1 August 2016
The Arizmendi Association of Cooperatives was developed in the San Francisco Bay area in California, USA in the 1990’s. Initially this grew out of a study group, as an opportunity to take lessons from the European cooperative networks and to determine what might work for the San Francisco Bay area. The Arizmendi Association included a Development and Support Cooperative which developed multiple worker-owned bakery-pizzeria cooperatives.
By Kaye Grant and Hazel Corcoran, CWCF
Over the past 20 years the Arizmendi Association has facilitated 5 bakery-pizzeria cooperatives in California. This model was focused on replicating The Cheese Board Collective in Berkeley, which had started in the late 1960’s and converted to a worker cooperative in 1971, as a cheese shop and artisanal bakery – pizza enterprise. This successful worker cooperative has developed a community space, and created living wage jobs. The Cheese Board Collective members offered their cooperative model, recipes, organizational structure, start-up funding, and name to become the base on which to build the replication model. This model is focused on assisting these new cooperatives with a number of the identified barriers of other worker cooperatives.
The support and development services provided in the Arizmendi model include site identification, capitalization loans, recruitment and training of new worker-owners, provision of a business plan that can be adapted to the new cooperative, a tested product line using the same recipes, similar name and co-advertising to nearby markets, proven governance structures and shared costs of support services with other members.
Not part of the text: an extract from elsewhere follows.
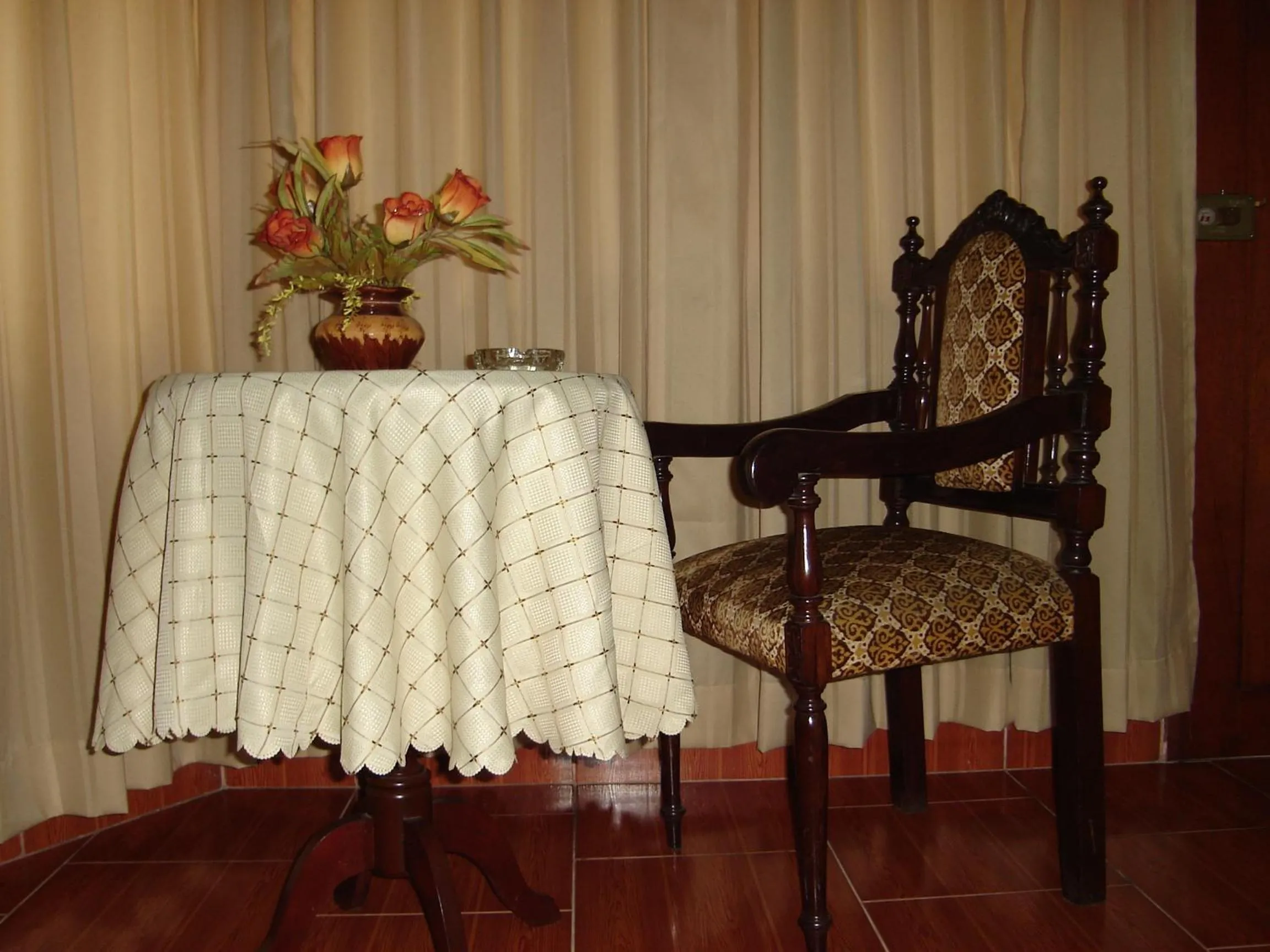 Seating area in Hotel Suite Plaza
Development funding for the Arizmendi Association comes from member workplaces who contribute a percentage of their net income as a membership fee. New members receive technical services even if they are not yet contributing profit but as they grow and mature the income to the Association increases, and with it the funds available for development.
Seeing the power in the replication strategy as developed by the Arizmendi Association, the Canadian Worker Cooperatives Federation (CWCF) was interested in bringing this model to Canada. Calgary, Alberta was identified as a good location for this to start. Calgary has traditionally had a strong economy to support the sales of high-end, artisanal baked goods and pizza. Yet food service workers are, as in many places, paid exploitive wages. This is an opportunity to create an approach to create living-wage jobs. Initially this was attempted in 2004 but was not successful at that time; however, the Arizmendi Association is in a better position to provide the support needed from a distance and CWCF has more board support at this time.
The key objectives to this approach by CWCF are to:
• Develop as many dignified, decently-paid (“living wage” or better) work opportunities as possible through the development of new cooperatives
• Create work environments that foster profound personal, as well as, professional growth
• Exhibit excellence in production and serving local communities
• Promote cooperative economic democracy as a sustainable and human option for our society
This second launch (on-going since January 2015) has been more successful, however, not without its challenges. The key members for the Calgary cooperative launch along with a Calgary based cooperative developers and the CWCF Executive Director traveled to visit the San Francisco Bay area to meet the Cheese Board Cooperative and Arizmendi Association Cooperatives.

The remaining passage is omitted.